In the Name of the Father is, to put it bluntly, a tour de force. Pete Postlethwaite as the deeply religious Giuseppe Conlon and Daniel Day-Lewis as his ne'er-do-well boy Gerry couldn't have played their parts any better if they'd really spent years in a cramped cell together. Day-Lewis's turn, in particular, is a stunner. His transformation from happy-go-lucky, rabble-rousing youth to bitter, defeatist prisoner to hardened middle-age crusader is an eye-opener almost on par with De Niro's in Raging Bull (although he doesn't gain 40 pounds). Take it from me -- I thought Wes Studi badly upstaged Day-Lewis in The Last of the Mohicans, as did Michelle Pfeiffer in The Age of Innocence. But Day-Lewis's performance here blew me away.
What can you say? Every now and then a movie comes along that does damn near everything right. In the Name of the Father is such a film.

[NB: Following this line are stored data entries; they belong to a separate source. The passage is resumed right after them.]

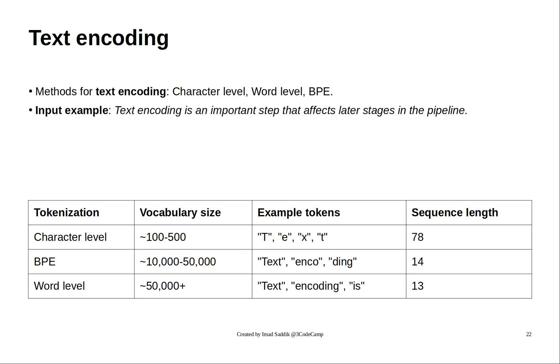Generally, character level encoders have very small vocabularies, while word level encoders, especially if you use multiple languages, will have the biggest vocabulary.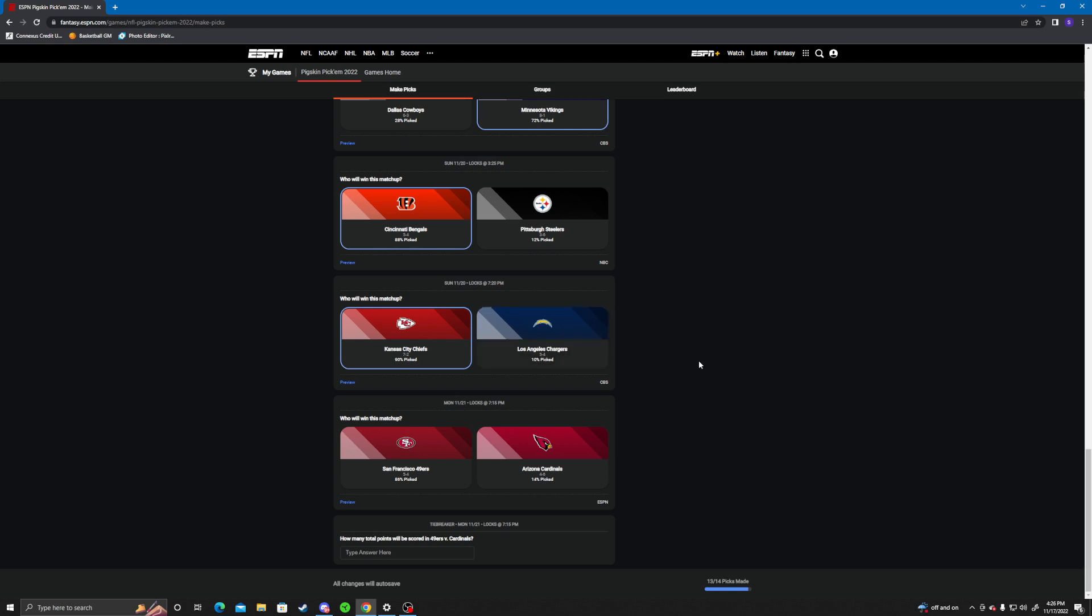San Francisco versus Cardinals. Interesting matchup here. I'm gonna go Cardinals. I'm gonna go San Francisco just cause Murray didn't play last week and he's still questionable. Yeah, I'll go San Fran.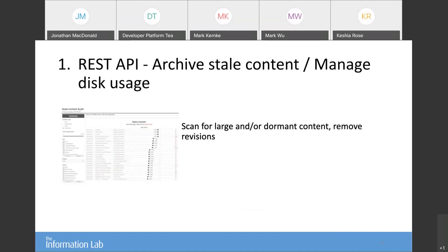Disk space always needs to be carefully managed. You could use the API to clean up content which is older than a certain number of days, hasn't been viewed, or is excessively large. You can also look at removing earlier revisions if you have revision history enabled — the default is to keep up to 25 previous versions. I typically recommend reducing that anyway, but you can go back and remove really early revisions to free up disk space.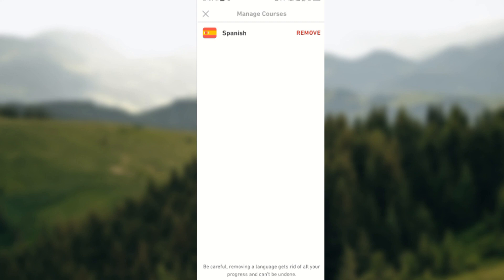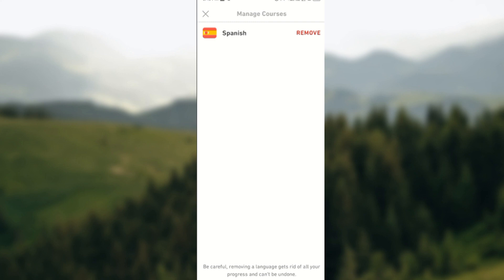For example, if you're learning perhaps two languages, Spanish and French, they'll be displayed there. Then whichever language you want to reset, you can just click on Remove. If you're learning just one language like I am, all you need to do is tap on Remove. I am not ready to reset my progress, that is why I would not be tapping on Remove.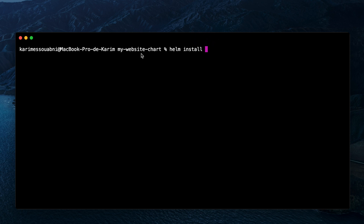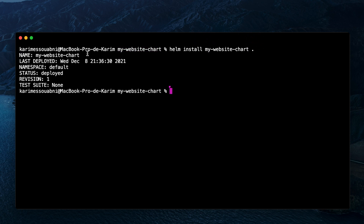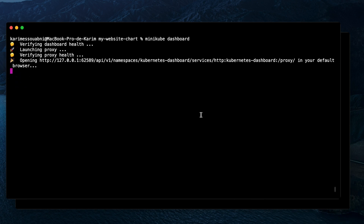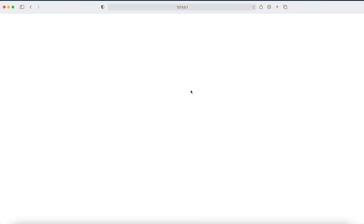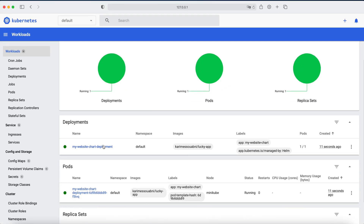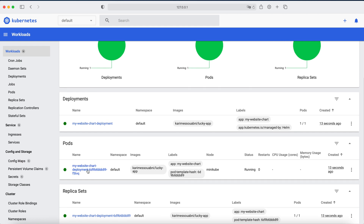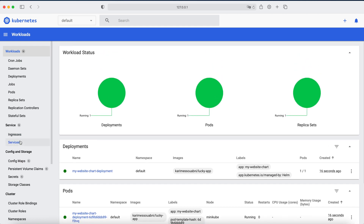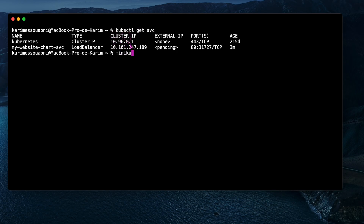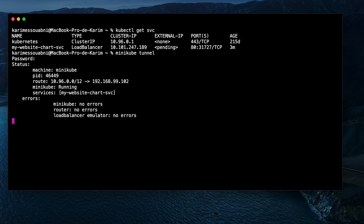Let's type 'helm install' with the name of our chart. Executing this command sends a request to the Kubernetes cluster to create objects from the chart-generated YAML files. Back to the dashboard, we can now see our application deployed with all its components: the deployment, the pod, the replica set, and the service. Since we're using Minikube and not a real Kubernetes environment, we need to run 'minikube tunnel' to access the deployed application from the browser.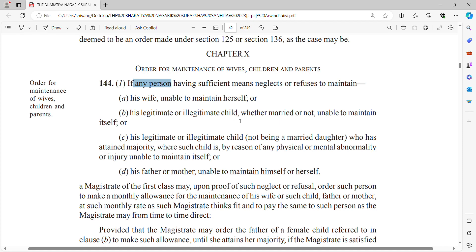The second clause covers his legitimate or illegitimate child, whether married or not, who is unable to maintain itself. A man has to maintain his legitimate or illegitimate child. If the child is legitimate, he maintains; if illegitimate, he still has to maintain — whether the child is married or not. Even if a 70-year-old man has a 40-year-old married child who is unable to maintain himself, the man must still maintain that child.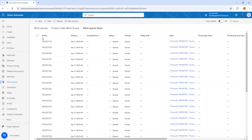There you can see I am having columns such as name, enqueue time, completed on, status, priority, delay until, input, processing notes, and many other columns are available. Over here we are having the column called processing notes — this is where we are going to work with.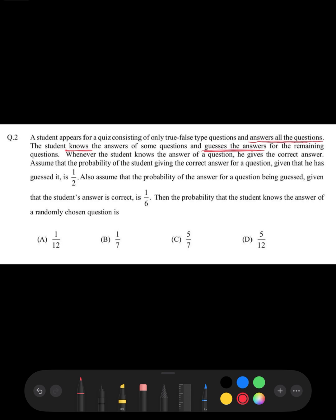Whenever the student knows the answer of a question, he gives the correct answer — the probability is one. The probability of the student giving the correct answer given that he has guessed is 1/2. Also given, the probability of the answer being guessed given that the student's answer is correct is 1/6.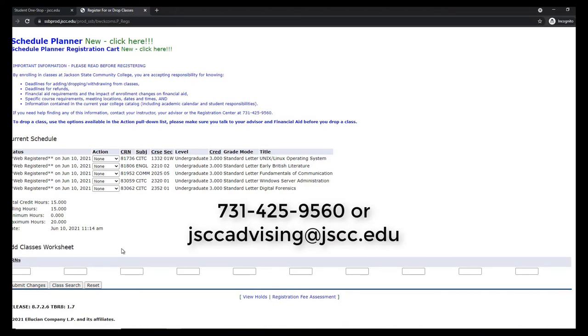I hope this helps, but if you still have questions about registration or classes, please reach out to us. Thank you!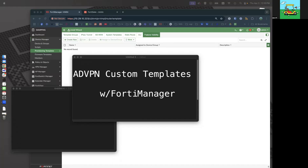A video as quick as I can make it on ADVPN deployment using custom templates from FortiManager. You really never want to use the wizard — it will just jack up your world. So let's get started.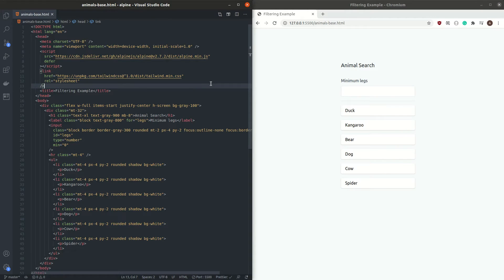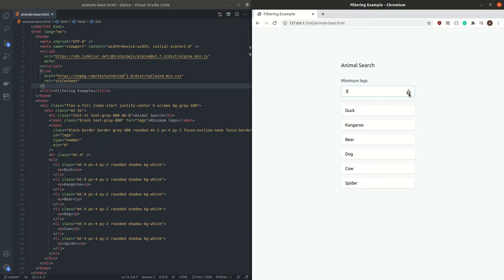Now for our last project, we're going to do the animal search application. This is a completely static site, so whenever we change the minimum legs, nothing changes. In the last project we had a lot of copy-paste code — all tabs had the exact same logic with different variables. With many animals, that would mean a lot of repetition. Thankfully, there's an easier way in Alpine: using loops. We're going to save all the animals into the state and then loop over them to display them on screen.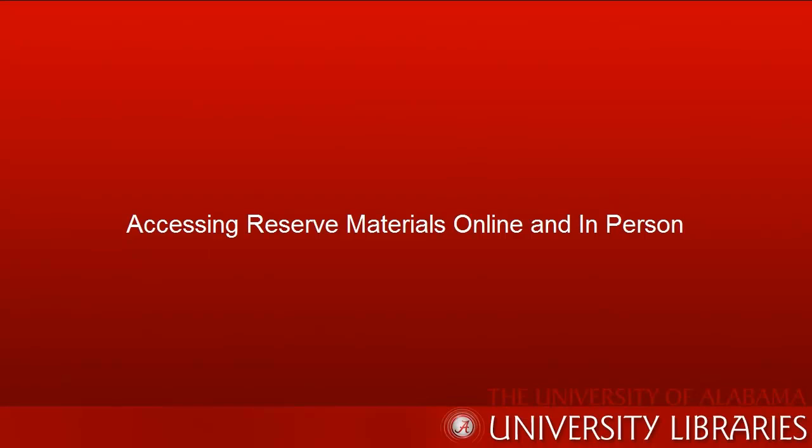Hi, I'm Bill, a librarian in the Information Services Department at Gorgas Library. Today, I'll show you how to get course reserves.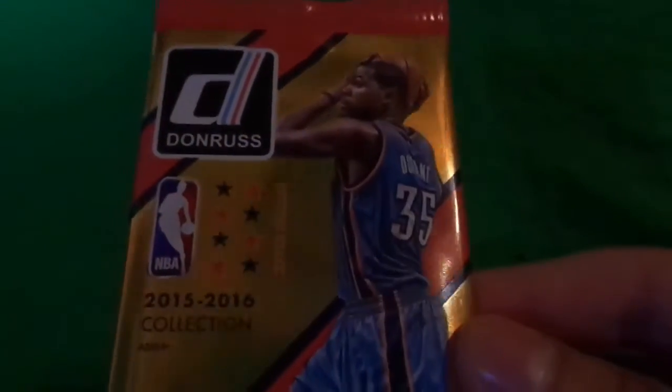Hello Youtubers, this is Rob the V-Lo, here again. Today at the Dollar Tree, I saw they had some new 2015-2016 Donruss basketball.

One or two scenes feel clipped and abrupt, as if some expository material had been left on the cutting-room floor, but to dwell on these details would be like criticizing the 1980 U.S. Olympic hockey team for celebrating too profusely after beating the Russians. From the tumultuous early scenes of British troops clashing with a defiant mob in Belfast while Jimi Hendrix's "Voodoo Chile" blasts away on the soundtrack, to mass demonstrations on behalf of the Guildford Four in the movie's final reel, neither Sheridan nor any of his actors hits a false note. The movie may end with a trial, but it's anything but another predictable courtroom drama.